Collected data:
·····
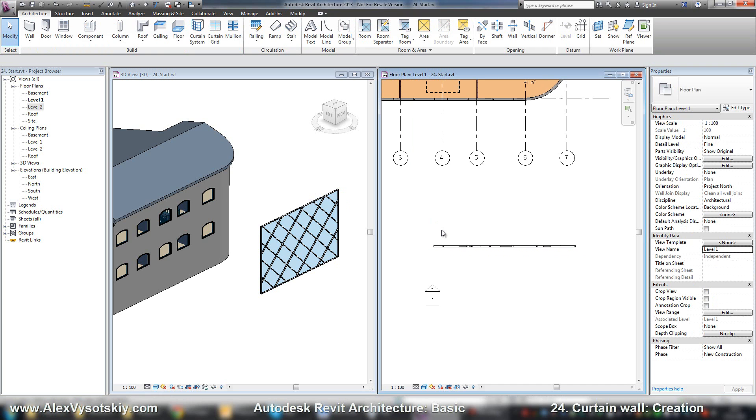So in the next video, we need to learn how we can create a custom glazed wall. So let's go.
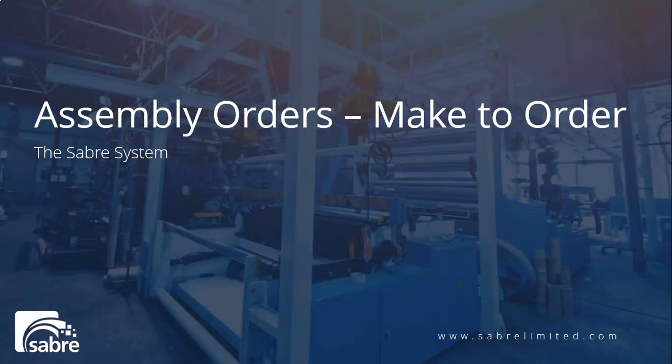Hi everyone and welcome to Sabre Virtual Demo, our brief video series explaining features of Business Central and related products. In this video we're going to take a look at assembly orders, specifically the make-to-order assembly order.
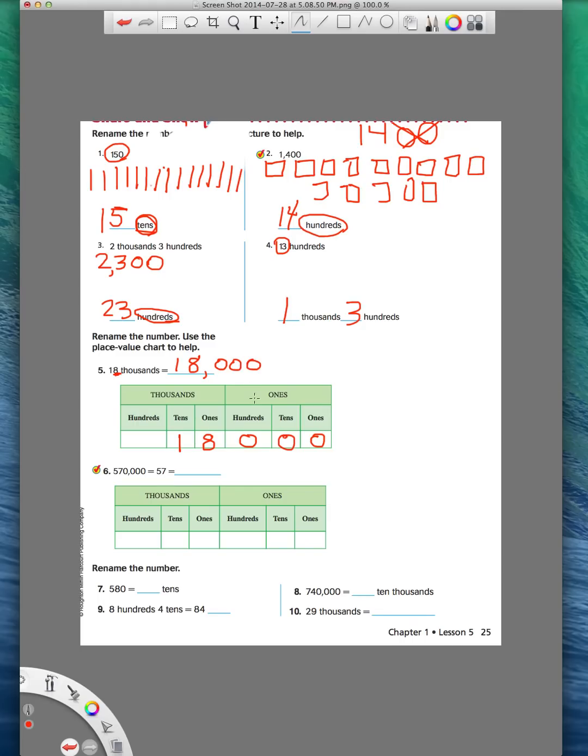All right. That's lesson 1.5. And I hope it helps. If not, just go ahead and leave me some comments. Thanks.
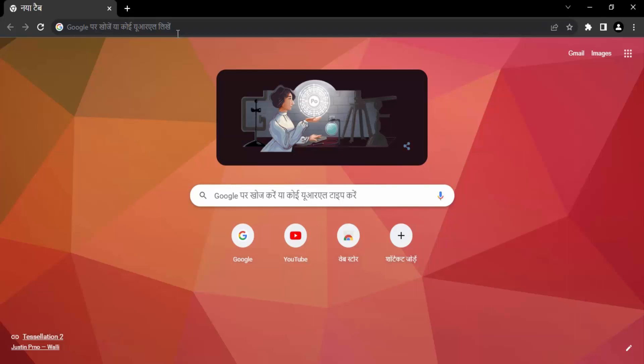Although I understand Hindi, this is not very convenient for me. So what I'm going to do is I'm going to change my Chrome language back to English. I will also show you the steps so that if you encounter the same problem, you can follow them.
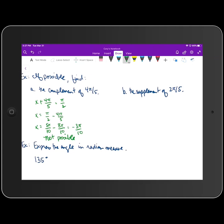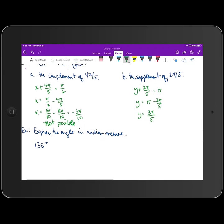On to part B: finding the supplement of 2π/5. If I take some angle y and add it to 2π/5, for those two angles to be supplements they must add up to π radians. Solving for y gives π minus 2π/5. With a common denominator, y equals 3π/5. Since that angle is positive, 3π/5 is the supplement of 2π/5.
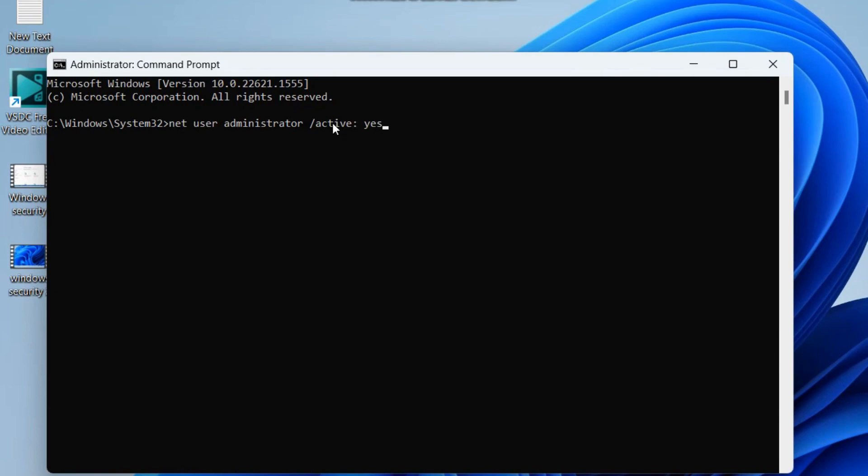Copy and paste and press Enter. This will sign out from the current user account and login into the administrator account, which will soon appear on the login screen.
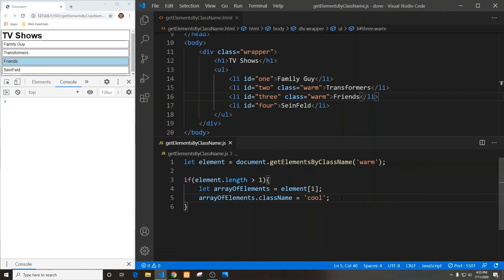In the next video, we're going to try to select elements by the tag name — the actual name of the element itself. So let's go ahead and get to the next video and take a look at that. Full stack out.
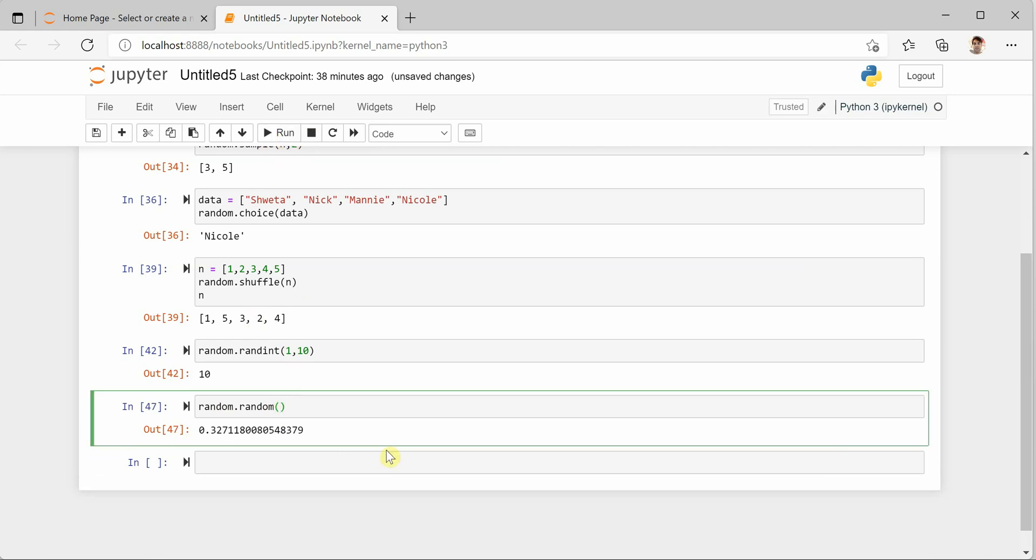So this is how you can use the random function to generate various random values out of your sequence. I hope you enjoyed this short video and thanks for watching.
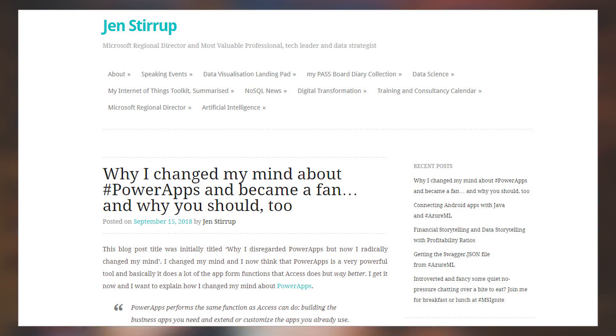Jen Stirrup's got a blog post talking about Power Apps and why she changed her mind about it, becoming a fan of Power Apps. I think this is a great blog post because it highlights that when you really understand the power of what something can do, you may learn to really love it. Power Apps is part of the overall Power Platform, which includes Power BI, Microsoft Flow, and Power Apps, and it's a great way to hook into some backend systems to really synergize what's going on with your solution.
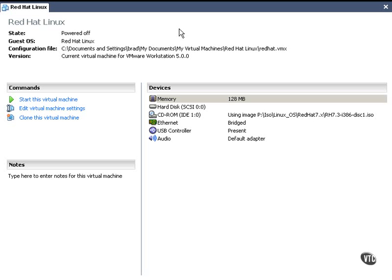At this point, we're ready to begin our installation of Red Hat 7.3. So I'm going to go ahead and start us off by powering my system on.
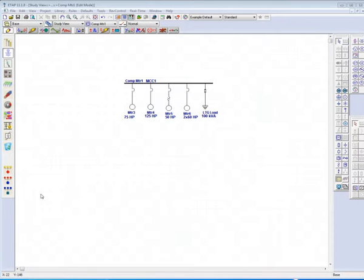Welcome to the ETAP video tutorials. For today's tutorial, we will be implementing applications for the system dumpster. Let us start with the ETAP example file, example ANSI.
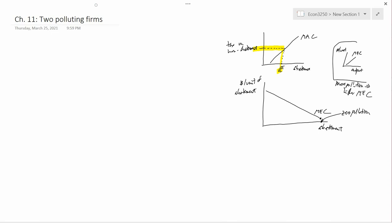Next I want to draw in the MEC curve as a function of abatement — I'm just copying what I had before. I claim that the socially optimal level of abatement is A*. Let's think about why. I want to claim that A1 is not a level of abatement society would want.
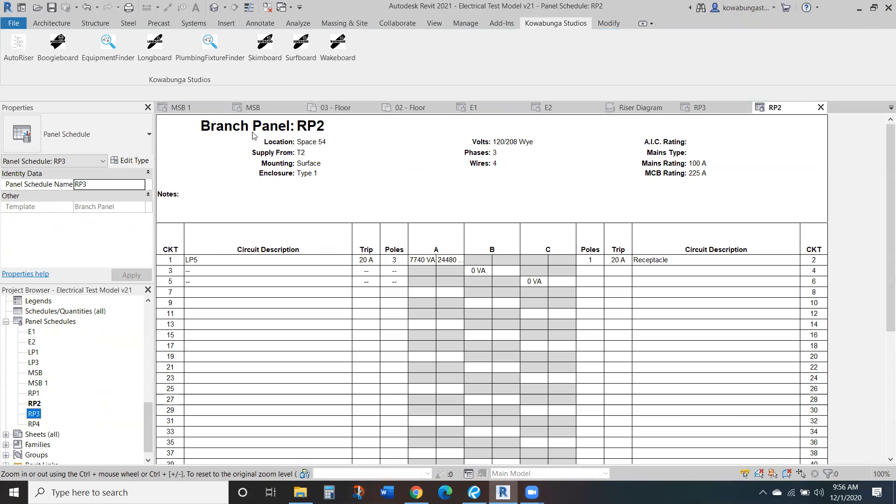So as you can see, this name, this branch panel name will update. However, the naming here in your panel schedules won't. So just a quick little thing that is within Revit on updating and all that kind of stuff.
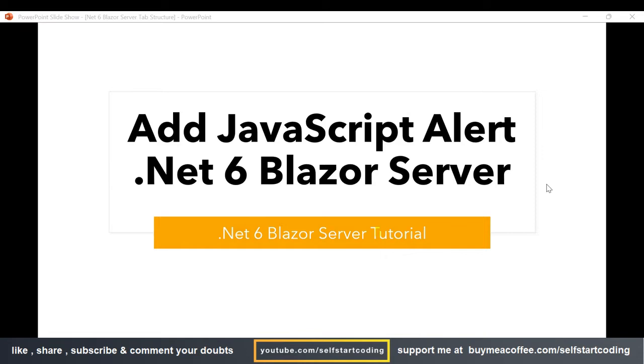Hello friends, welcome to my YouTube channel. In this video we are going to see how we can add a JavaScript alert in .NET 6 Blazor server project.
·····
Write out all the records exactly, omitting the images.

Solution to the problem:
So in the next video, we need to learn how we can create a custom glazed wall. So let's go.
Hi everyone and welcome to Sabre Virtual Demo, our brief video series explaining features of Business Central and related products. In this video we're going to take a look at assembly orders, specifically the make-to-order assembly order.
All right. That's lesson 1.5. And I hope it helps. If not, just go ahead and leave me some comments. Thanks.
Although I understand Hindi, this is not very convenient for me. So what I'm going to do is I'm going to change my Chrome language back to English. I will also show you the steps so that if you encounter the same problem, you can follow them.
On to part B: finding the supplement of 2π/5. If I take some angle y and add it to 2π/5, for those two angles to be supplements they must add up to π radians. Solving for y gives π minus 2π/5. With a common denominator, y equals 3π/5. Since that angle is positive, 3π/5 is the supplement of 2π/5.
Copy and paste and press Enter. This will sign out from the current user account and login into the administrator account, which will soon appear on the login screen.
In the next video, we're going to try to select elements by the tag name — the actual name of the element itself. So let's go ahead and get to the next video and take a look at that. Full stack out.
So this is how you can use the random function to generate various random values out of your sequence. I hope you enjoyed this short video and thanks for watching.
Jen Stirrup's got a blog post talking about Power Apps and why she changed her mind about it, becoming a fan of Power Apps. I think this is a great blog post because it highlights that when you really understand the power of what something can do, you may learn to really love it. Power Apps is part of the overall Power Platform, which includes Power BI, Microsoft Flow, and Power Apps, and it's a great way to hook into some backend systems to really synergize what's going on with your solution.
At this point, we're ready to begin our installation of Red Hat 7.3. So I'm going to go ahead and start us off by powering my system on.
Welcome to the ETAP video tutorials. For today's tutorial, we will be implementing applications for the system dumpster. Let us start with the ETAP example file, example ANSI.
Next I want to draw in the MEC curve as a function of abatement — I'm just copying what I had before. I claim that the socially optimal level of abatement is A*. Let's think about why. I want to claim that A1 is not a level of abatement society would want.
So as you can see, this name, this branch panel name will update. However, the naming here in your panel schedules won't. So just a quick little thing that is within Revit on updating and all that kind of stuff.
Hello friends, welcome to my YouTube channel. In this video we are going to see how we can add a JavaScript alert in .NET 6 Blazor server project.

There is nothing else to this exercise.